One hundred dollars is a major game changer. I've been somewhat reserved on the 3D printing hype because of a lack of necessity for most people, and a lack of precision/usefulness at the lower price range. This can change all of that. For one hundred dollars you no longer have to worry about longer term entertainment value or interest for children. It's the cost of a couple of video games. And for project work, you don't have to worry about needing it for multiple projects. At $100 a single use justifies the cost many times over. I'm looking into spending $400 right now on a single 3D print for a small product I'm working on.
I love rewarding ingenuity.
I look forward to people doing weird interesting things with this!
I have no idea how lissajous figures could work, but they're cool and in 3d resin print they'd be cooler.
my first thought was: do they have a reverse add-on as well? And then: I would love to see the output of various types of music :P
$45/liter for large
Not cheap if you want to print anything larg-ish.
So long as the liquid resin floats on salt water, I don't see why salt water should provide less support than liquid resin.

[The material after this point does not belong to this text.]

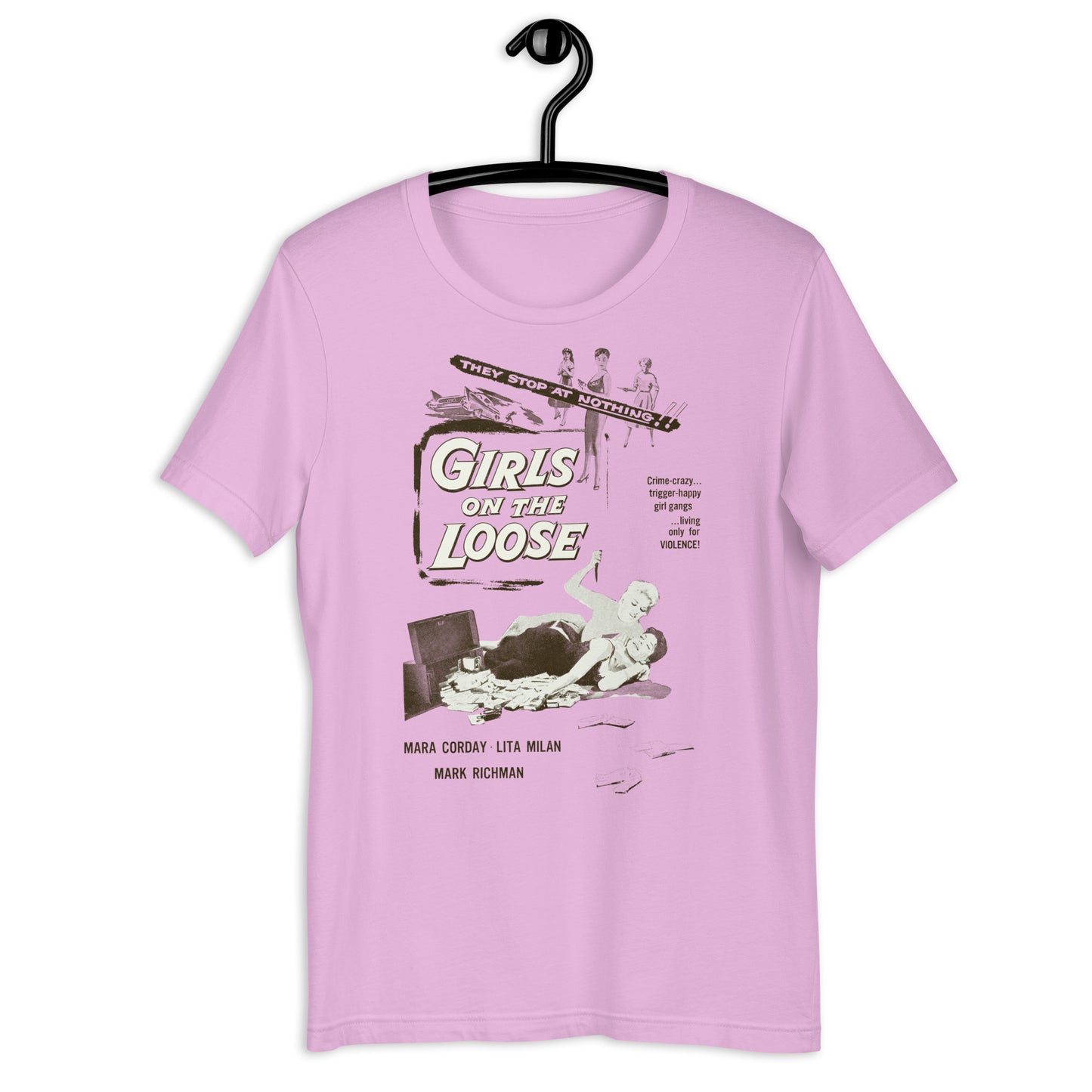 Girls on the Loose Vintage 50s Negative Space Movie Poster Softstyle Unisex Tee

Lots of lag may cause problems:-\
The only reason I am funding it is to support someone thinking outside the box. I really have no use for it due to the issues listed above. I'll probably gift it to someone who might. I've done that a number of times with KS projects.
That's not to say that hobby-grade machines are useless. The degree of interest these projects garner on sites like KS means something. Perhaps it means that people are clamoring for significantly cheaper solutions. Or, perhaps, it means they are happy to have 3D printers that perform reasonably well with some TLC.
At some level I equate it to what happens with CNC machining equipment. I've built and purchased many low cost home-brewed CNC machining solutions. In retrospect they were always a pain in the ass to use in one form or another. It was always far more time and cost effective to send parts out to have them machined by capable shops with capable industrial-grade machines.
I eventually purchased my own industrial-grade machines. I had Haas VMC's and a lathes in house. That's when I saw the light. The difference between the hobby/garage machines and what the pro's are using is massive. It went from screwing around with the machine to make it work, maintaing tolerances, deal with software issues, repairing it, etc. to just using it and producing very high quality parts every single time.
CNC machining, at that point, became a source of creativity that did not detract from the design process but almost added to it.
This drip 3D printing gizmo is great. Like I said, I am supporting it. I could be lots of fun. A professional tool it is not. Not at this stage anyway.
They, and you, were absolutely right to observe that these devices were massively less capable than the existing devices, and to foresee that they would never become as capable, and to explain that the reduced capability translates directly into less freedom to create, and to predict that they would not replace the existing devices.
Where they might have gone wrong (i note that you do not!) would be to conclude that these devices were therefore never going to be successful. They did not displace the existing devices from their niches; they carved out an entirely new niche, surviving by making small profits from huge numbers of people.
The boosters are talking rubbish when they say that 3D printing will revolutionise manufacturing. But it might just revolutionise DIY.
Mechanically delicate though. Vibrations disturbing the surface of the liquid will skew the print and cause poor layer adhesion. And you have to make sure your surface is perfectly level.
And I have to chuckle a little bit about how much of a prairie farmer hack this is. People around here build crazy hacks like this all the time on their farm equipment, glad to see them getting some publicity!
Regardless, I love the approach taken here; really quite clever.
Also constant velocity of z-axis movement might pose some inefficiencies because if you want to print a box you have to set the rate of ascend low enough for the laser to create full bottom and you can't speed up when you are building sides of the box.